» **Task objective**
Take the lines from the one with "X0000075831280200609150836" to the end of the listing, both ends included, and quote them exactly, leaving pictures out.

» **Given information**
====

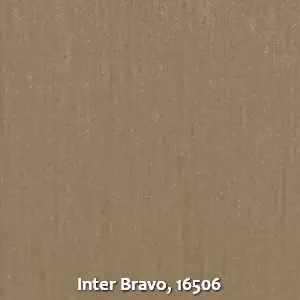 Inter Bravo, 16506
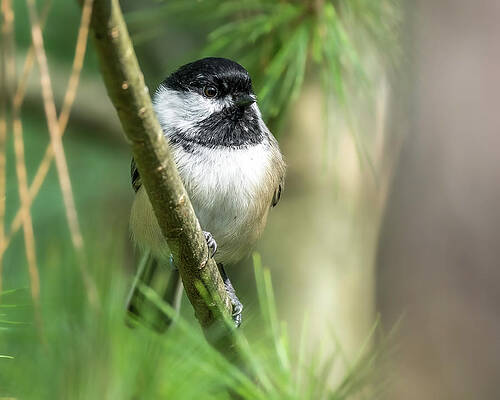 Beautiful Wall Art featuring the photograph Vibrant Pines by James Overesch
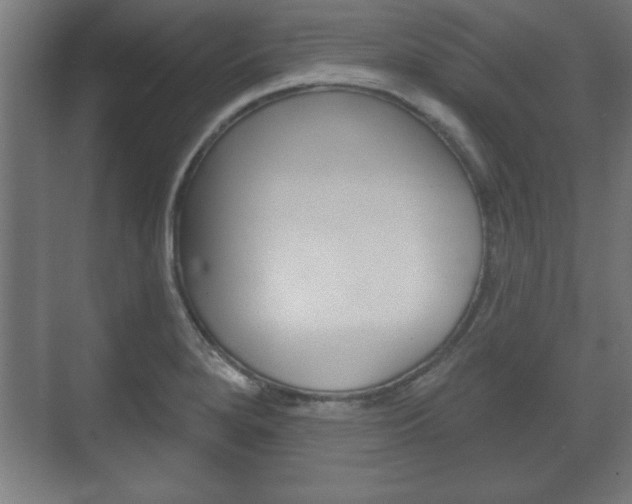 X0000075831280200609150836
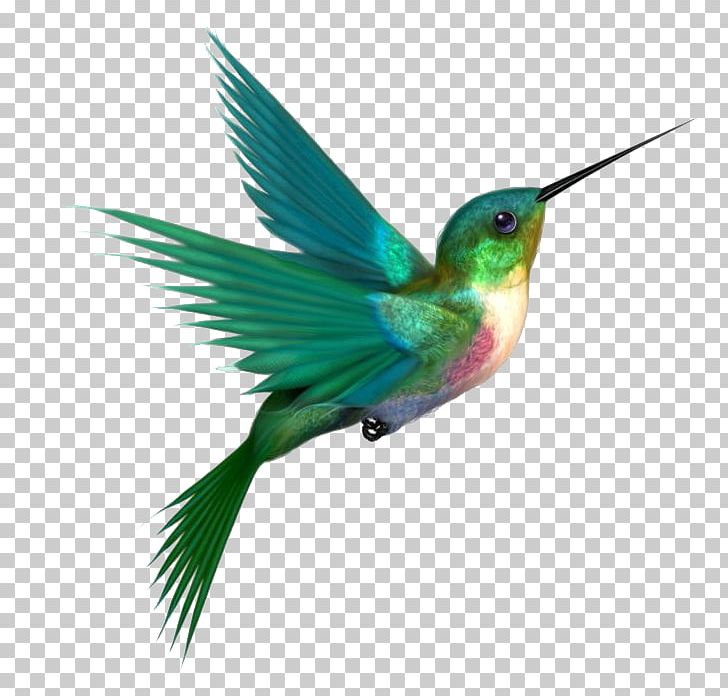 Hummingbird PNG, Clipart, Beak, Bird, Clip Art, Computer Icons, Download Free PNG Download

====

» **Exercise result**
 X0000075831280200609150836
 Hummingbird PNG, Clipart, Beak, Bird, Clip Art, Computer Icons, Download Free PNG Download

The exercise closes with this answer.